Huw - Yes, exactly. I think there is a wonderful opportunity here, but it's the kinds of changes that are needed to make the best of it are probably quite far-reaching.
Graihagh - We've talked a little bit there about what the benefits could be in terms of better jobs and stuff but I'm wondering how you might have a more satisfying job but actually, how machine learning might seriously enhance what we do. I'm thinking medical images when you're looking for metastases of cancer or whatever, a machine that could endlessly and tirelessly look at those images and work out which were needed for further screening or not. I could imagine something like that having real benefits to not only that individual doctor, but also society as a whole.
Huw - Yes, and I think there'd be many cases like that where machines will soon be better at doing those sorts of tasks than we are. Fortunately, there's also a growing sense that the community of people involved are increasingly aware of, as it were, how much of our future they hold in their hands and there's a very encouraging sense of a growing community coming together within the tech community as well as from the outside - from academics - to get together to meet the kinds of challenges of the area and trying to ensure that we maximise the potential benefits.
Graihagh - So when you look to the future of A.I., what do you envisage our future to look like?
Huw - It's very hard to do this long term prediction but I think I am an optimist. I think there are, of course, risks we need to consider but there's a huge potential for it turning out to be something rather wonderful. The example I'm going to give you is a little bit contradictory but imagine that before the development of sophisticated language, ancestors were trying to think about the question as to what they might be able to do if they had language. It's obvious that they wouldn't be able to get very far and yet what was ahead of them, in many ways, was something quite remarkable, and I'm optimistic that that's the case with A.I. too. We don't know exactly where it's going but we do know that some of the possible destinations are really wonderful ones. We want to work together to make sure we get to the good ones and not to the bad ones.
Graihagh - Huw's right - Artificial Intelligence could be revolutionary but we're future gazing here - it's all a guestimate - and thus it's hard to know what our future really holds.
So after ruminating and chewing overall the possibilities what can we take away from this?
That AI is already here...
Christian Sandvig - In fact, it already encpasses things a lot of things that we'd encounter every day.
Graihagh - ...and you know what, it's only going to get smarter. Yes, it may take some of our jobs...
Machine - What kind of food would you like?
Graihagh - ...but actually, like all technological revolutions, it will give a lot back too.
Michael Osborne - The kinds of jobs that remain after automation are going to be increasingly satisfying and enjoyable.
Graihagh - Advances in technology have also saved us time, money and given us home comforts (I cannot for one minute imagine life without a washing!) I'm sure artificial intelligence will do the same in ways we can't even imagine.

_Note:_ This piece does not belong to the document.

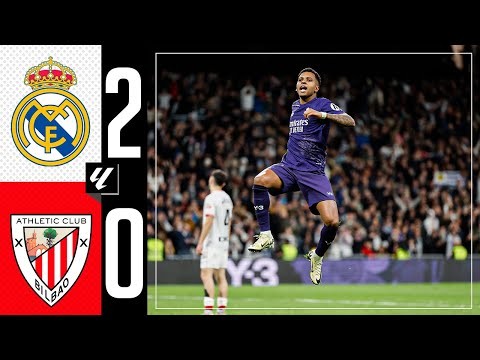 Real Madrid 2-0 Athletic Club | HIGHLIGHTS | LaLiga 2023/24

Huw Price - I think I am an optimist, I think of course there are risks that we need to consider, but there's a huge potential for it turning out to be something rather wonderful.
Graihagh - As we hand over more jobs to machines, it will have some very real human consequences - new questions, not just about our identity, and expose flaws and challenge us. But that's exciting!
For now, we've only just scratched the surface when it comes machine learning, smart algorithms and robotics... What I'm trying to say is that I'm not going to worry about computers taking over the world any time soon and you shouldn't either, but it might be worth checking if they'll take your job first!